Creation of a right-to-left shunt at the atrial level is also used in congenital cardiac patients with failing single ventricle physiology. These patients are typically surgically corrected with a total cavopulmonary connection, commonly referred to as a Fontan repair. In this setting the inferior vena cava (IVC) and superior vena cava (SVC) are directly connected to the pulmonary arteries for passive flow through the lungs. Cardiac or pulmonary failure results in IVC pressure elevation, causing a condition known as protein-losing enteropathy. When medical management fails, cardiac transplant is the only option. The creation of a communication between the Fontan circuit (physiologically the right atrium) and the left atrium with the development of a right-to-left shunt is an effective palliative treatment in some patients to improve protein-losing enteropathy. Clinical indications in this group of patients include the diagnosis of protein-losing enteropathy (low serum albumin and elevated stool α-1-antitrypsin) despite maximal medical therapy (e.g., diuretics, afterload reduction, pulmonary vasodilators) in patients whose saturations are greater than 90%.
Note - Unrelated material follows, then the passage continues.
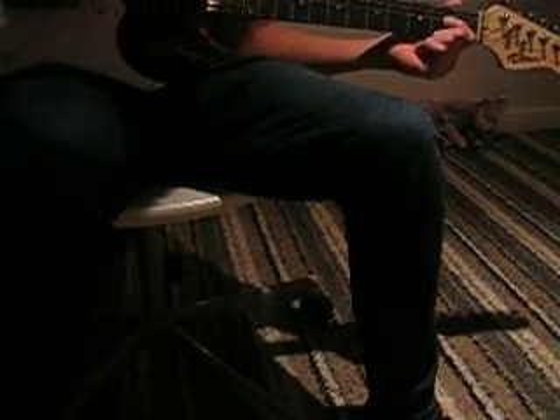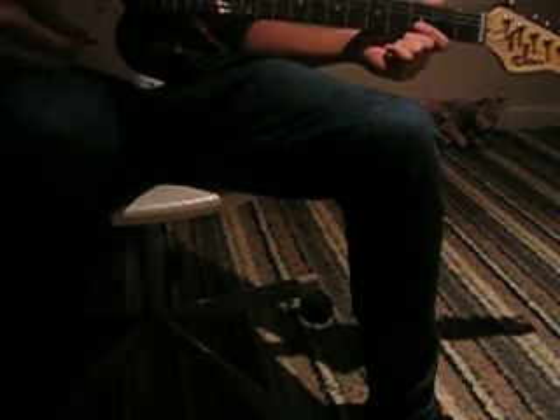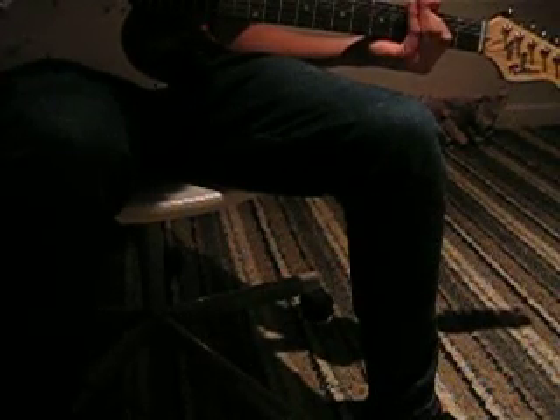Then you'd go to the next string and then the next string. And then we'd go to fret 2 and play it up. So you'd be from string 2 on fret 3, then move to string 3 on fret 2 — you still use your first finger — and then you'd go up, then up, then you'd go back to fret 3 on the last note.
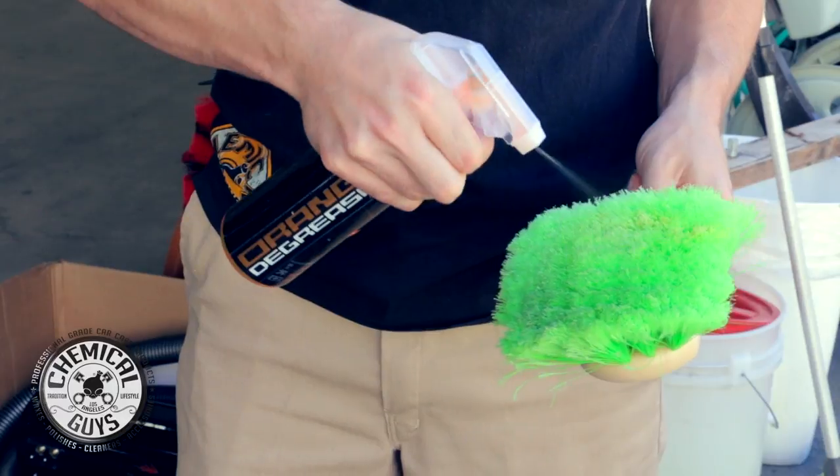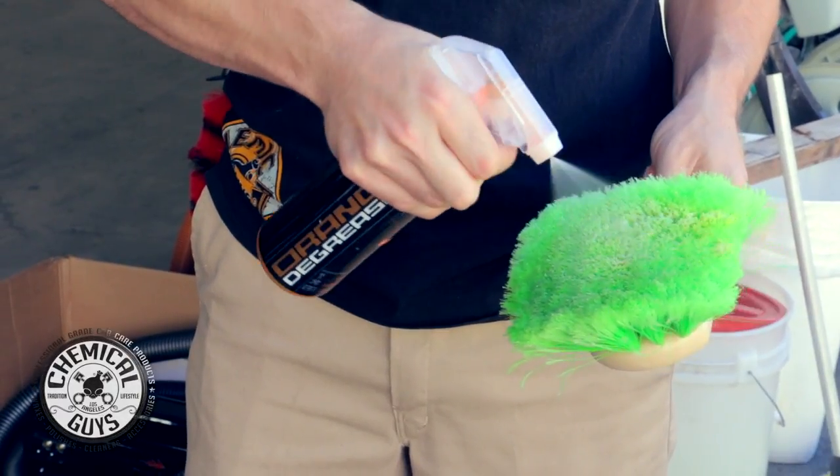The amazing brush has both a scratch-resistant and chemical-resistant body, so you can easily use it with degreasers or cleaners safely and easily. You can check out the brush on our website, chemicalguys.com, for the world's greatest detailing products.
Lastly, patients with severe left ventricular (LV) dysfunction on ventricular assist device with left atrial (LA) HTN will benefit substantially from the creation of an atrial communication. In this setting, unlike others, the intent is for an adequate but transient atrial communication to allow a left-to-right shunt for LA decompression. The goal of defect patency is short, only a few weeks at most, while the ventricular-assist support is needed. To that end the favored technique for defect creation in this subgroup of patients would be cutting balloon with static balloon dilation to allow adequate immediate shunting, with a greater chance of spontaneous closure once the ASD is no longer needed.